__Task input__.
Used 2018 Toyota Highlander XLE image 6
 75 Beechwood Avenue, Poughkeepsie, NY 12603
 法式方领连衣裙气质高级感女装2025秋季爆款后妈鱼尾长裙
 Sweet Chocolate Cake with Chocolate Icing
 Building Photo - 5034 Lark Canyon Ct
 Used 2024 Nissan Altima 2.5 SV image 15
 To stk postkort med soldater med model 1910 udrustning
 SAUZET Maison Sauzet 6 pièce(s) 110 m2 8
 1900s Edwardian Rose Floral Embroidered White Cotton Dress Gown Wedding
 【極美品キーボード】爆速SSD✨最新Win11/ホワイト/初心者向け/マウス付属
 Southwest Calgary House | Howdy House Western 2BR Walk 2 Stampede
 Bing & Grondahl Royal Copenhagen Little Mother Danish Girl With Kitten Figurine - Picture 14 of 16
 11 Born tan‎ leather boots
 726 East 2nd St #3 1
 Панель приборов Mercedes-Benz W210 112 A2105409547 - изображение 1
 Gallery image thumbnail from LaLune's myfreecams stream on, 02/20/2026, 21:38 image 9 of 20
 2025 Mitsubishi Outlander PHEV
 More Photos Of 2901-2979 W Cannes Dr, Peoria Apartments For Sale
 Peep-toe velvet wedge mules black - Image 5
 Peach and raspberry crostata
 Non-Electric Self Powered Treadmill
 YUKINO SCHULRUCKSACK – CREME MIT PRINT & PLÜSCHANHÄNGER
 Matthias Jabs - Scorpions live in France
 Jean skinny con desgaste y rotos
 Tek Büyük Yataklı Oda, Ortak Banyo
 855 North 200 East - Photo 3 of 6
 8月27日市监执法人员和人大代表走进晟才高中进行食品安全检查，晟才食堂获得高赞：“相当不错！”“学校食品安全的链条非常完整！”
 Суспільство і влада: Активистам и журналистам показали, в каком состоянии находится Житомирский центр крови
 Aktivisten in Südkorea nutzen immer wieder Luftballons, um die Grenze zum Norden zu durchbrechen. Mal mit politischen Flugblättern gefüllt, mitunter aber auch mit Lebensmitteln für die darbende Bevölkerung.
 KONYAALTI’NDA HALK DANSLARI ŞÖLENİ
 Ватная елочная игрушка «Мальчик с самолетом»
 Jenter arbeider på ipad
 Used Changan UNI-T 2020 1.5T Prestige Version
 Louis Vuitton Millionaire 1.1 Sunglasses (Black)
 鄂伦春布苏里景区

__How to complete this task__. Take each record above and return it verbatim.

__Response__.
Used 2018 Toyota Highlander XLE image 6
 75 Beechwood Avenue, Poughkeepsie, NY 12603
 法式方领连衣裙气质高级感女装2025秋季爆款后妈鱼尾长裙
 Sweet Chocolate Cake with Chocolate Icing
 Building Photo - 5034 Lark Canyon Ct
 Used 2024 Nissan Altima 2.5 SV image 15
 To stk postkort med soldater med model 1910 udrustning
 SAUZET Maison Sauzet 6 pièce(s) 110 m2 8
 1900s Edwardian Rose Floral Embroidered White Cotton Dress Gown Wedding
 【極美品キーボード】爆速SSD✨最新Win11/ホワイト/初心者向け/マウス付属
 Southwest Calgary House | Howdy House Western 2BR Walk 2 Stampede
 Bing & Grondahl Royal Copenhagen Little Mother Danish Girl With Kitten Figurine - Picture 14 of 16
 11 Born tan‎ leather boots
 726 East 2nd St #3 1
 Панель приборов Mercedes-Benz W210 112 A2105409547 - изображение 1
 Gallery image thumbnail from LaLune's myfreecams stream on, 02/20/2026, 21:38 image 9 of 20
 2025 Mitsubishi Outlander PHEV
 More Photos Of 2901-2979 W Cannes Dr, Peoria Apartments For Sale
 Peep-toe velvet wedge mules black - Image 5
 Peach and raspberry crostata
 Non-Electric Self Powered Treadmill
 YUKINO SCHULRUCKSACK – CREME MIT PRINT & PLÜSCHANHÄNGER
 Matthias Jabs - Scorpions live in France
 Jean skinny con desgaste y rotos
 Tek Büyük Yataklı Oda, Ortak Banyo
 855 North 200 East - Photo 3 of 6
 8月27日市监执法人员和人大代表走进晟才高中进行食品安全检查，晟才食堂获得高赞：“相当不错！”“学校食品安全的链条非常完整！”
 Суспільство і влада: Активистам и журналистам показали, в каком состоянии находится Житомирский центр крови
 Aktivisten in Südkorea nutzen immer wieder Luftballons, um die Grenze zum Norden zu durchbrechen. Mal mit politischen Flugblättern gefüllt, mitunter aber auch mit Lebensmitteln für die darbende Bevölkerung.
 KONYAALTI’NDA HALK DANSLARI ŞÖLENİ
 Ватная елочная игрушка «Мальчик с самолетом»
 Jenter arbeider på ipad
 Used Changan UNI-T 2020 1.5T Prestige Version
 Louis Vuitton Millionaire 1.1 Sunglasses (Black)
 鄂伦春布苏里景区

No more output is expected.